A natural born songwriter, Adam Beattie has announced his new album ‘Somewhere Round the Bend’. Released November 27th, it comes fresh off the back of two collaborative albums - one as Pica Pica alongside folk musician of the year, Josienne Clarke, Grammy nominated producer, Sonny Johns and singer/songwriter, Samantha Whates, the other as part of Scottish supergroup Band of Burns; recipient of the much-heralded MOJO ‘Album of the Month’.

‘Somewhere Around the Bend’ is a reflection of all Beattie has loved and lost on his voyage to perfect his craft; one that has seen him invited to play alongside the likes of Bert Jansch, Jolie Holland and Sean Hayes. All the more pertinent now, the Aberdeenshire Balladeer mourns long-loved venues gone forever, pre-brexit freewheeling European tours and missed opportunities for romance. In the spirt of the best folklorists though, it’s a way of life he refuses to let die. More so than anything, ‘Somewhere Round The Bend’ is an attestation of Beattie’s hardwearing belief in the human spirit to overcome all in its path.

Listen to lead single ‘Somewhere Round the Bend’

Beginning on a Parisian street, Beattie takes us to Athens, Grottammare - home to a festival that once was - to his native Scottish highlands and finally to his current home of north London in closing song ‘All The Gods’ - a track he wrote alongside acclaimed songwriter Fiona Bevan (Lewis Capaldi, Billie Eilish, Matthew E White)

“‘Somewhere Round The Bend’ refers to the imagination stretching back into the past and forth into the future. The songs are intended to all transport you into their own unique world, they are all set in a very different time and place”, says Beattie.

The rollercoaster of emotions he experiences along the way echoes through to the album’s diverse instrumentation.
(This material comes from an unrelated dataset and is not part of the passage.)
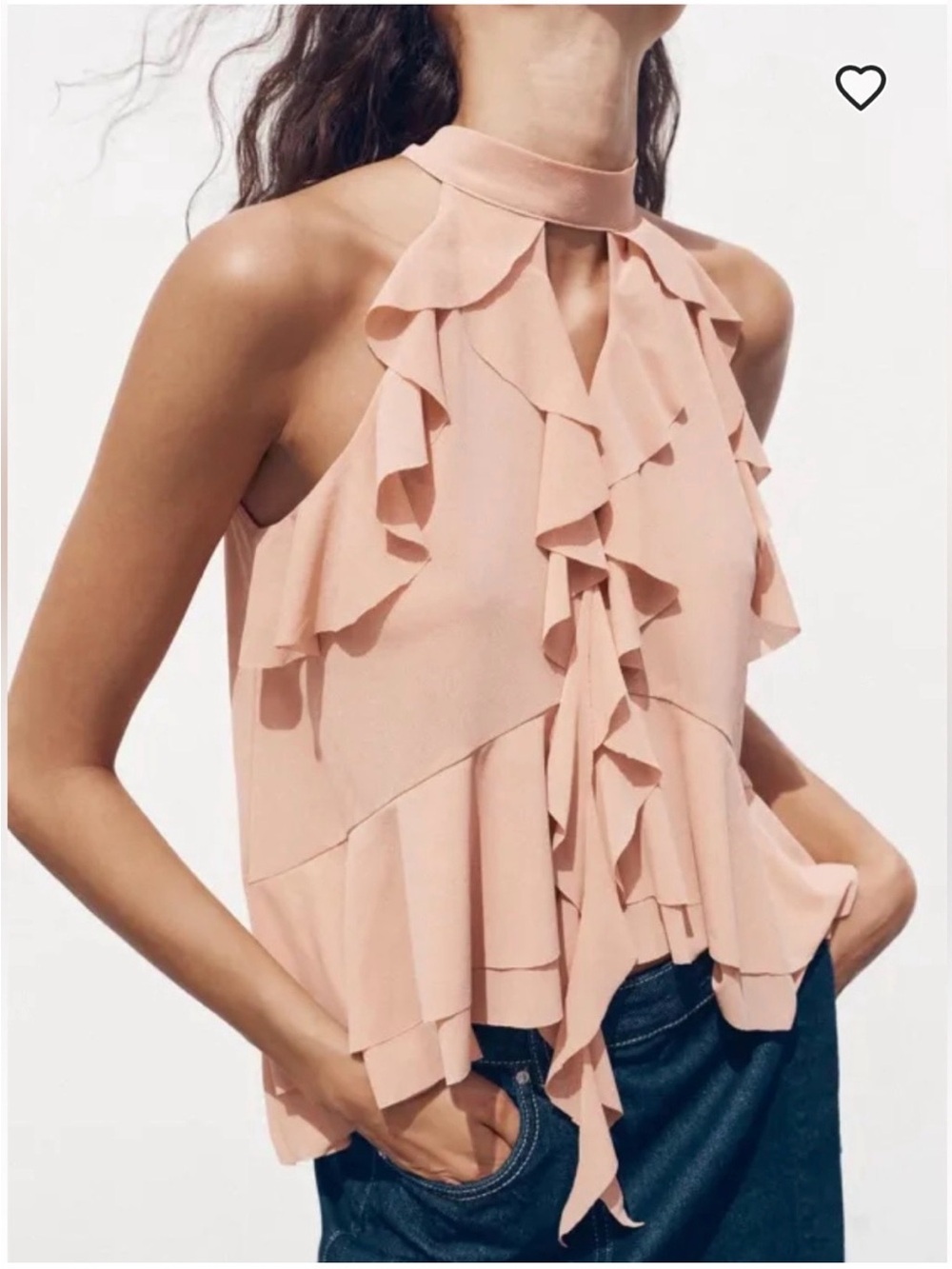 Zara Peach Ruffled Halter Neck Sleeveless Top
Out today, the title track, which also opens the album, is eerie and foreboding, Beattie unsure what will await him when his feet touch the ground. Elsewhere, ‘All of the Love’ resembles a French waltz, while ‘Grottammare’ recalls the gypsy influences of early Beirut. The whole spectrum of Beattie’s influences is on proud display here, from roots to jazz to blues to country to folk.

‘Lovers Old and Lovers New’, however, is the album’s central statement. Set inside the now closed-down Jamboree, Beattie dedicates this to the community of regulars who continued to party until the final note rung out. “You can paint the walls and ceilings / we’ll keep the memories and feelings”, he sings. A pertinent reminder that though external forces will always threaten the things we love, our memories are ours forever. And with songs as timeless as this, Beattie ensures this is a history that will never be erased.